By Alex C
Etisalat Nigeria, United Arab Emirates (UAE) operator, says the active subscriber base on its network is now 19.5 million, which translates into a 15 percent market share. Matthew Wilsher, chief executive officer, Etisalat Nigeria, disclosed this at a press briefing in Lagos recently.
According to Wilsher, the telecommunications company is expanding its network capacity to meet the communication needs of its teeming subscribers.
“We want to occupy two spaces in the industry. We want to be the best in terms of network quality and also provide our customers with a superior mobile broadband experience,” Wilsher said.
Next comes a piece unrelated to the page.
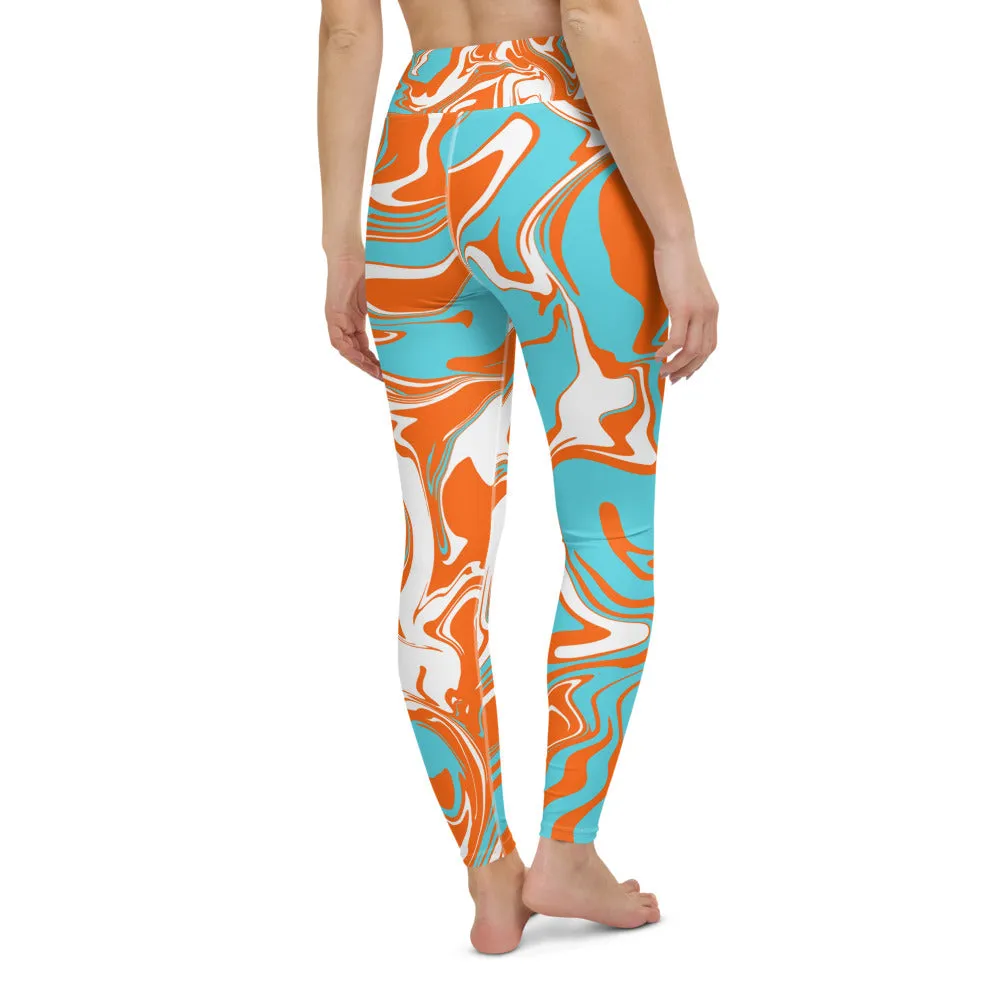 Orange Turquoise and White Oil Spill High-Waisted Yoga Leggings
Continued investment in 2014 is in excess of $300 million, according to Wilsher, further adding that the investment is assisting the company achieve its goals of providing better service quality to subscribers. “On our existing network both 2G and 3G plus, the scope of our investments cover 2, 100 Base Transceiver Stations (BTS)”, he added.
With an estimated N478 billion been ploughed into the expansion of Nigeria’s international fibre-optic capacity, which has in turn eased the long-standing constraints of high-speed Internet connectivity, Wilsher said the company is building metro-fibre networks in some states of the federation to boost the quality of broadband internet services.
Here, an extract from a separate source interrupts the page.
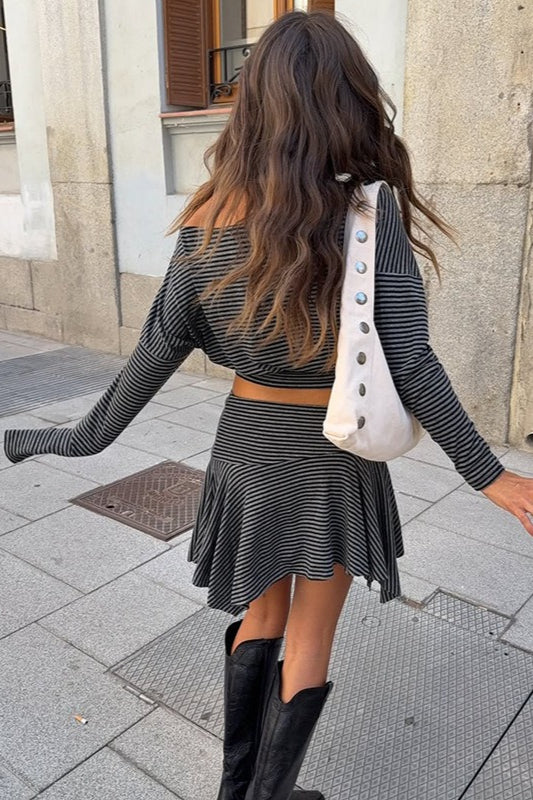 Striped Off Shoulder Long Sleeve Tee Asymmetrical Skirt Set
“We want customers to access online content without buffering. We want to offer customers supreme user experience” In 2009, the entire bandwidth capacity for international connections was 200 megabytes. We have capacity in excess of 10 gigabytes per second. That’s a phenomenal amount of investment in long distance submarine cable. This capacity is however important because the bulk of the country’s internet content is hosted outside the shores of Nigeria”, he added.
Temi Ogunbambi, director, engineering, Etisalat Nigeria, said the firm is expected to deploy 5, 000 sites by the end of the year, adding that the figure “is a mixture of what we own directly and through collocation. We have 7, 000 BTS (2G & 3G) and the number of telecoms sites is under 4, 500”, he stated. He said the telecoms company will make additional investments in 2G because large numbers of its subscriber base are still on this technology.
“Most of our customers still do not have 3G enabled devices. They use 2G devices.” According to him, spectrum scarcity is sustaining telcos’ investment in 2G technology. Considering the power accounts for 60 percent of telcos’ operating cost, the Etisalat director said that the firm is building resilience into the network to cope with power related problems.
As part of the tower sale and lease back agreement with IHS, Ogunbambi said the tower company is committed to investing in alternative energy to improve uptime. According to him, telecoms operators already believe that existing wireless technologies will not be the definitive solution to Nigeria’s internet access problem, adding that Long Term Evolution (LTE) will provide operators’ capacity to provide new offerings beyond mundane voice and data services. “4G technology is critical to deepening broadband penetration in the country.